Han puesto el nombre de su exmarido en la esquela. El ataúd lo han llevado los de su cuadrilla. A ver a quién le ha dejado el piso de Amara y los pinares. La misa la ha celebrado el franciscano porque era su tío. ¿Has visto el ramo de la empresa? Su cuñado estaba solo en las filas de atrás. Había mucha gente en el tanatorio. Me ha sorprendido que su nuera haya comulgado. Van a hacer funeral civil. Han venido sus primas de Eibar. Le han bailado el aurresku porque fue dantzari. Un hijo con chaqueta y el otro en bermudas. Creo que la van a incinerar. No se hablaban, pero cómo lloraba su hermana. El organista es bueno.

Debo reconocer que van de esa guisa las conversaciones que mantenemos en nuestro entorno cada vez que fallece alguna persona conocida. O no tan conocida, todo hay que decirlo. Parece evidente que aquellos ritos funerarios vascos recogidos e investigados hace más de medio siglo en Aulesti por William Douglass en su obra Muerte en Murélaga, que las argizaiolas, gaubeilas y elizbides de antaño han dado paso a otra manera –tal vez más frívola y chismosa– de afrontar el asunto cada vez que doblan las campanas o el móvil nos notifica novedades, que también en esto estamos cambiando. Pero en el fondo pervive esa extraña atracción, no hacia la muerte pero sí hacia su ritual.

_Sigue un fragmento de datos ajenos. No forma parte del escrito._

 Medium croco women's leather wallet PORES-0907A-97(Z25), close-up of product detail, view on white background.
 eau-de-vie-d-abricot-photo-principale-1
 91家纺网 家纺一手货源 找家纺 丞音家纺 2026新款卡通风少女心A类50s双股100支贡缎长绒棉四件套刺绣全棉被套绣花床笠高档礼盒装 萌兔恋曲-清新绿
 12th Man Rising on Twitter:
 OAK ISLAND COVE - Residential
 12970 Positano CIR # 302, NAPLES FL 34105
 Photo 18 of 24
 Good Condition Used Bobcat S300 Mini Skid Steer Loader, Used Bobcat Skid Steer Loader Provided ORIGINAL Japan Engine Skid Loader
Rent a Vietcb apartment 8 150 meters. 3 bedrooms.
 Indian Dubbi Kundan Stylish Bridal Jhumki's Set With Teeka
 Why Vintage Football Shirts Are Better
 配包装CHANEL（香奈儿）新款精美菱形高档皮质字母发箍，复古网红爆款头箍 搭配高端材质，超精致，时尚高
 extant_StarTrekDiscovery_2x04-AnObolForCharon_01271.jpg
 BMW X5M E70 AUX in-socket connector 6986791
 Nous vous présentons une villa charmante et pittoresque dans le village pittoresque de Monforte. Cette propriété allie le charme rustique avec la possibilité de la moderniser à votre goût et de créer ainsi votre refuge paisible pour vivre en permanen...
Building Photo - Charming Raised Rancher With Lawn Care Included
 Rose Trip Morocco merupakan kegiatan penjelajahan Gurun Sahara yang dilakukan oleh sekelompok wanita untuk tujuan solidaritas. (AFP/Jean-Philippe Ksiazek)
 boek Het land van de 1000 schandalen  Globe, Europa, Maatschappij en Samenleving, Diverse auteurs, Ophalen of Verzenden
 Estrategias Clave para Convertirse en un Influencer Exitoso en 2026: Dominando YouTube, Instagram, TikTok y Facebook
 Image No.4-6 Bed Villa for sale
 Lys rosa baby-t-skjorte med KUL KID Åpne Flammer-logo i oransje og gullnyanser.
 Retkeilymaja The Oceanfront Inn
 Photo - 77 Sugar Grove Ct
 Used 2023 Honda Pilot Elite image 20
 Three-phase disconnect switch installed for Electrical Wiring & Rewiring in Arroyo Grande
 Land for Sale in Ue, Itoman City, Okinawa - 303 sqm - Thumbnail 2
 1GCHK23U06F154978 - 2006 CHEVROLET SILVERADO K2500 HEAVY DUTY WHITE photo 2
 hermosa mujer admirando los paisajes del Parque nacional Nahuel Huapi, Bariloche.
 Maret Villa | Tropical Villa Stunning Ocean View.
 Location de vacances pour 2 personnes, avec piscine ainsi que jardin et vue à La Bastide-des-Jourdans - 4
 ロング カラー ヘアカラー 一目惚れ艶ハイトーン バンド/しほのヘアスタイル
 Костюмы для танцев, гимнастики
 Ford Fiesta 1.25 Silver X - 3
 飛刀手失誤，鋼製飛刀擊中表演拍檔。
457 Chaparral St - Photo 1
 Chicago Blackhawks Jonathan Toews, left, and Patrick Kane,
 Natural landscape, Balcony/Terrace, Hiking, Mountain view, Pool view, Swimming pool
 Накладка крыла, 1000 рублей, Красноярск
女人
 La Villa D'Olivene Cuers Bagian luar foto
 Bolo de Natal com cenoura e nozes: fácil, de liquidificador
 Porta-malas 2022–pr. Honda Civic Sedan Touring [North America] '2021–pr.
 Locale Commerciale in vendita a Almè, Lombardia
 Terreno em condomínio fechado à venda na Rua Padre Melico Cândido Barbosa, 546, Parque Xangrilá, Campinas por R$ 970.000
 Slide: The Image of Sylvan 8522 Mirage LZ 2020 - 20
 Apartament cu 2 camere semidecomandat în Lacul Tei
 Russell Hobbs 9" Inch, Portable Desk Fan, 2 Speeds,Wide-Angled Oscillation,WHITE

Es por ello por lo que no debe sorprendernos que toda la pompa montada en torno a Isabel II haya tenido audiencias inmensas, también entre nosotros. Aunque nos quejemos del empacho. Y si cotejamos los temas que han estado en boca de tertulianos, analistas y supuestos expertos durante la última semana con lo que nosotros comentamos cada vez que despedimos a alguien más o menos cercano (vuelva el lector al primer párrafo), llegamos a la conclusión de que siendo incierto si la muerte nos hará iguales, parafernalias aparte, los funerales cuando menos nos hacen a todos bastante parecidos.